Hamlet: Discussion Questions
1) To what extent does Hamlet correspond to classical or medieval notions of tragedy? What (if anything) is Hamlet's fatal flaw? Why does he hesitate to act after promising his father's ghost that he will avenge his murder? Compare/contrast the protagonist's decisiveness and will to act in Macbeth.
2) Note the various familial relationships in Hamlet. Compare and contrast the family unit of Polonius / Laertes / Ophelia with Hamlet's relationships to the Ghost of Hamlet Sr., to Gertrude and to Claudius. Like Hamlet, Laertes and Fortinbras are sons confronted with a father's death. To what extent do they function as foils to Hamlet? What do they have in common? How do they differ?
3) Why does Hamlet wait so long to kill Claudius? What are the reasons for his hesitation? How valid are they? How many times does he have the opportunity to attack Claudius? What are his reasons for not doing so?
4) Hamlet is a play in which nothing can be taken at face value: appearances are frequently deceptive, and many characters engage in play-acting, spying and pretense. What deliberate attempts are made at deception? Are the intended audiences deceived? While some deceptions are perpetrated in order to conceal secrets, others aim to uncover hidden truths. Which are which? To what extent are they successful? Note references to appearances, disguises, pretense, seeming, masks, acting, etc.

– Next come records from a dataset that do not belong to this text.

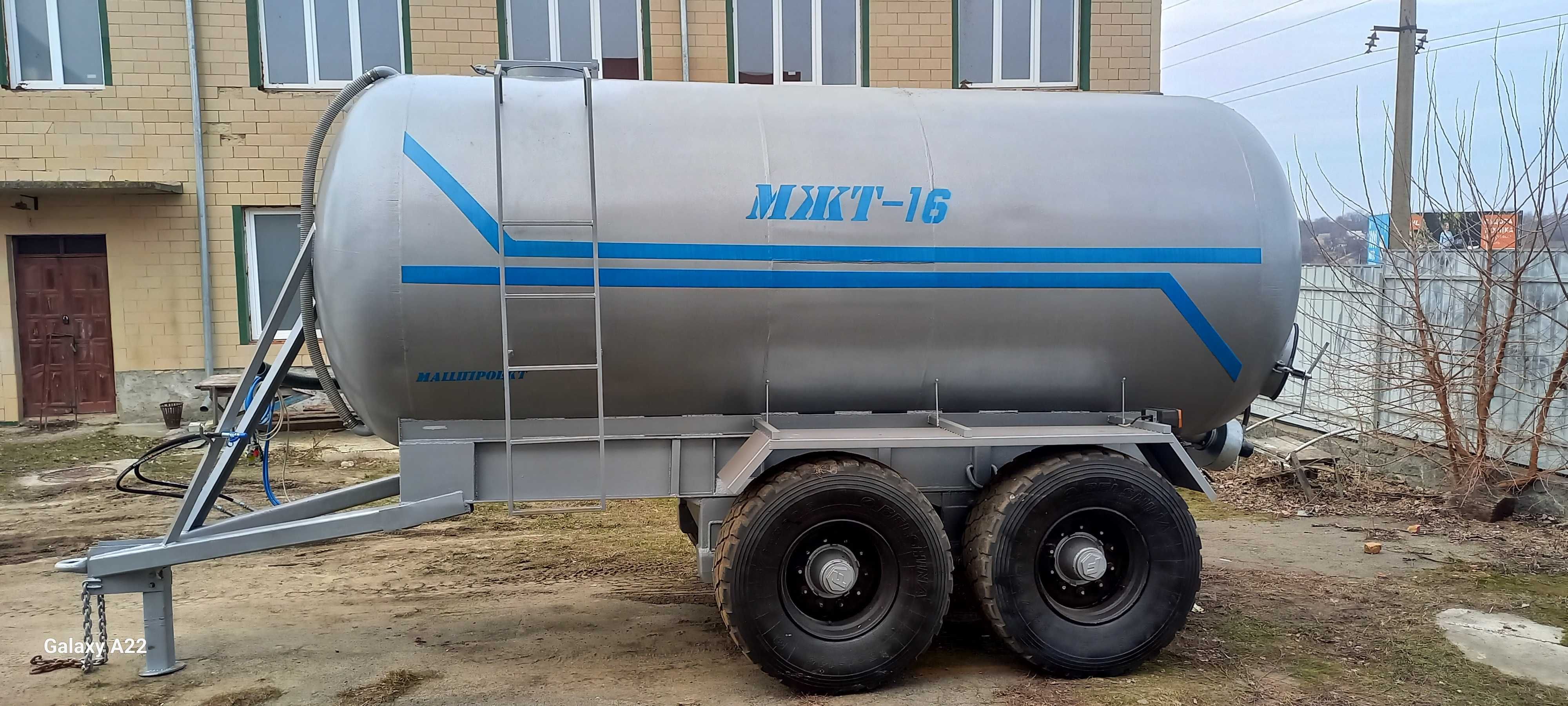 Бочка МЖТ-16 для хім.сумішей / води / КАС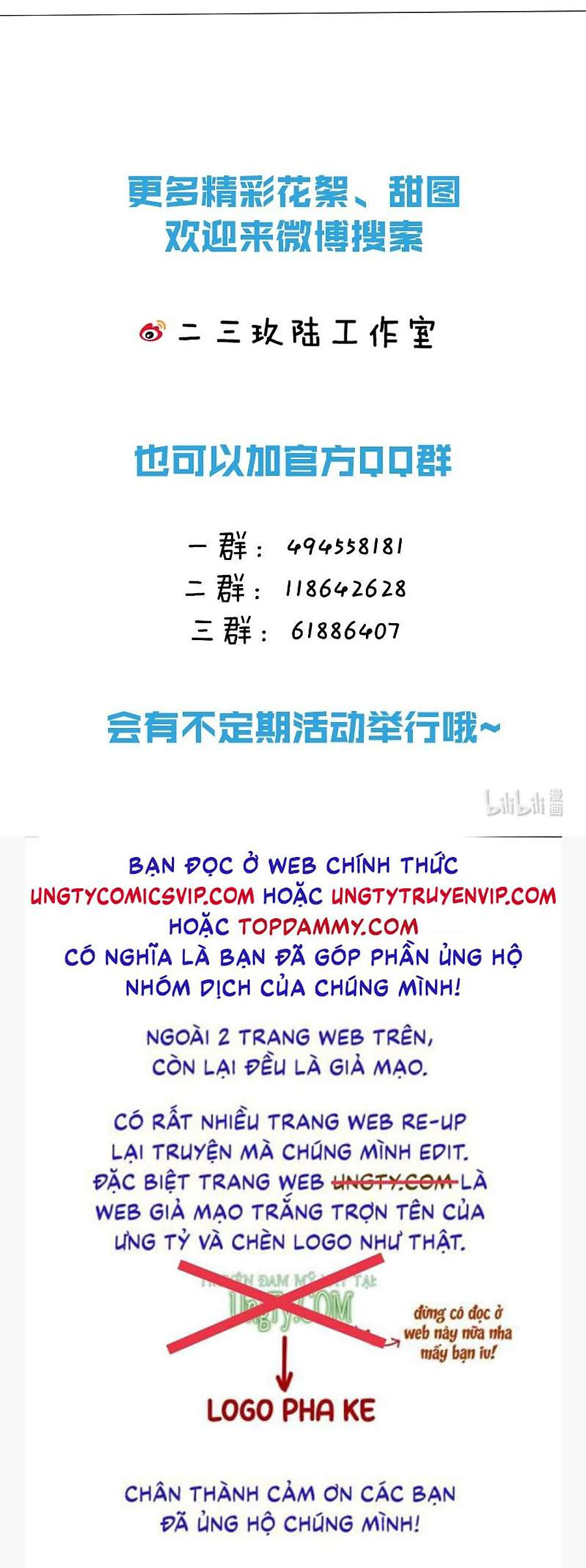 Tin Tức Tố Nói Chúng Ta Không Có Khả Năng Chapter 80 - Next Chapter 81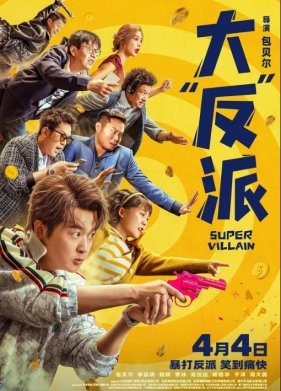 ����������� (2024)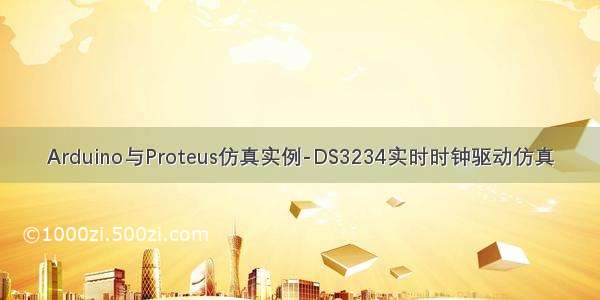 Arduino与Proteus仿真实例-DS3234实时时钟驱动仿真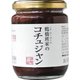 鶴橋班家のコチュジャン 260g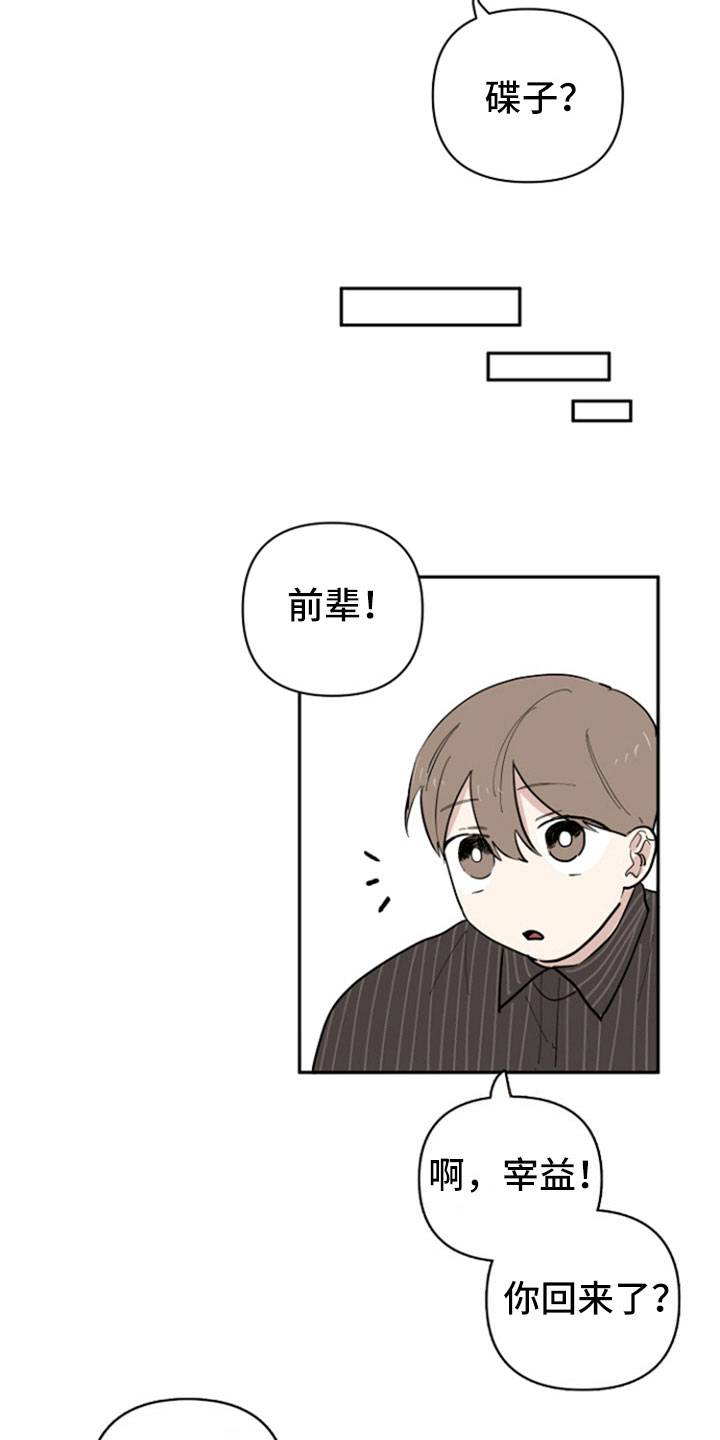 第32章：表白【完结】5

5) Pay attention to the treatment of the women characters Gertrude and Ophelia. Is there any basis for the Freudian interpretation of an Oedipal attraction between Hamlet and his mother? Hamlet does seem obsessed with his mother's sexuality. How old is Hamlet? How old do you think Gertrude is? Is Hamlet's disgust at Gertrude's sexuality justified? To what extent is Gertrude guilty? Was she "in on" her husband's murder? Has Claudius confided in her since the murder? How does Hamlet's perception of his mother affect his behavior or attitude toward Ophelia? Why does he tell Ophelia to go to a nunnery? Does Hamlet really love Ophelia? If so, why is he cruel to her?
6) Hamlet claims that his madness is feigned, an "antic disposition" which he puts on for his own purposes (I.v.172). Why would Hamlet want to feign madness? How can an appearance of insanity help him achieve his ends? (Compare the role of Touchstone, the "fool" in AYLI.) Is he really sane throughout the play, or does he ever cross the line into madness? What about Ophelia's mad scene? Is it real or feigned? Is there "method in her madness" as well, or is she entirely irrational? Why has she gone mad? (What two reasons do her songs suggest?)